Task to carry out
Your task is to give the listing below back word for word, pictures excluded.

Provided data
--------------------------------------------------
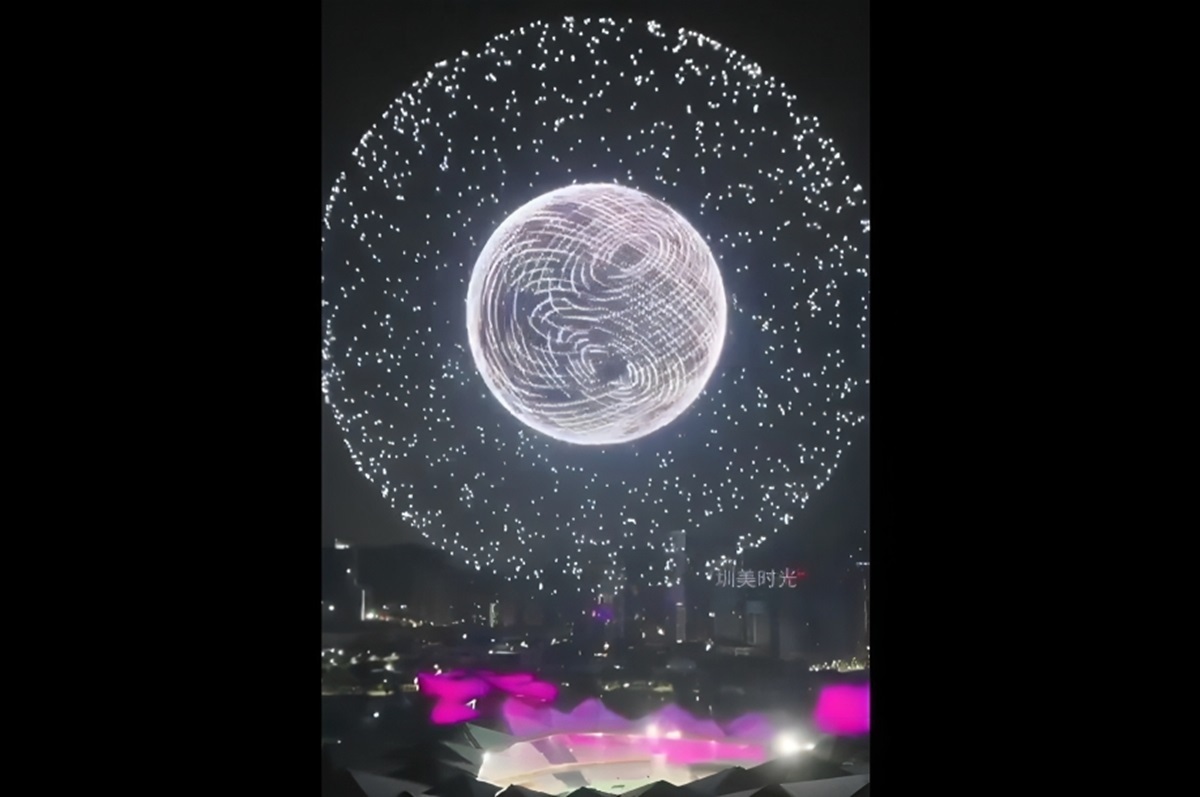 یک نمایش خیره کننده با هشت هزار کوپتر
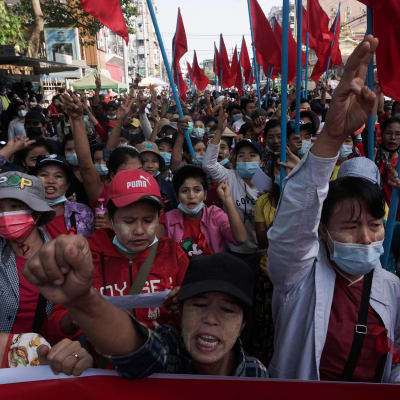 I Myanmars största stad Rangoon deltar allt fler offentligt anställda i protesterna. Studenterna har varit speciellt aktiva hittills. 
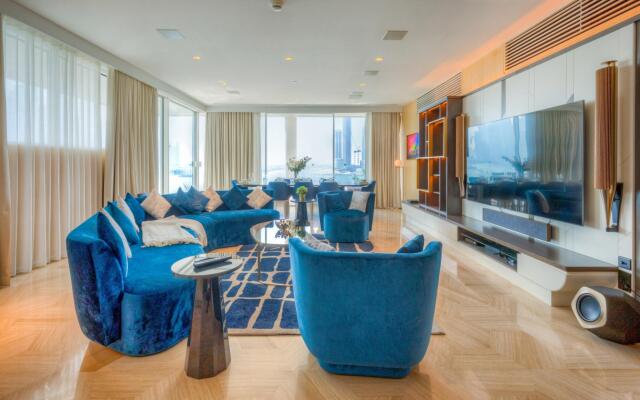 Dxb - Five - 30301 - Pj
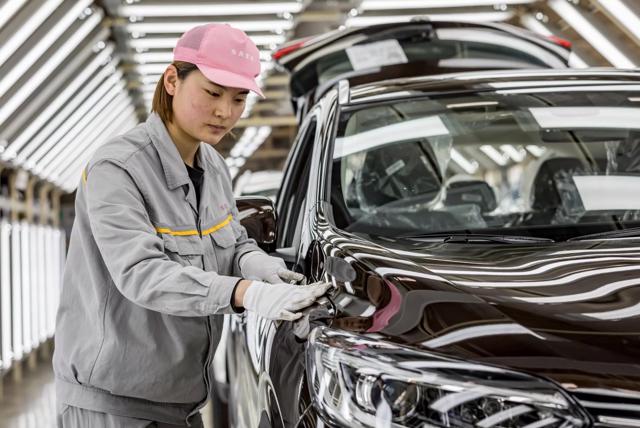 Trung Quốc vượt Nhật Bản để trở thành quốc gia xuất khẩu ô tô lớn nhất thế giới - Ảnh 2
--------------------------------------------------
Result for this exercise
 یک نمایش خیره کننده با هشت هزار کوپتر
 I Myanmars största stad Rangoon deltar allt fler offentligt anställda i protesterna. Studenterna har varit speciellt aktiva hittills. 
 Dxb - Five - 30301 - Pj
 Trung Quốc vượt Nhật Bản để trở thành quốc gia xuất khẩu ô tô lớn nhất thế giới - Ảnh 2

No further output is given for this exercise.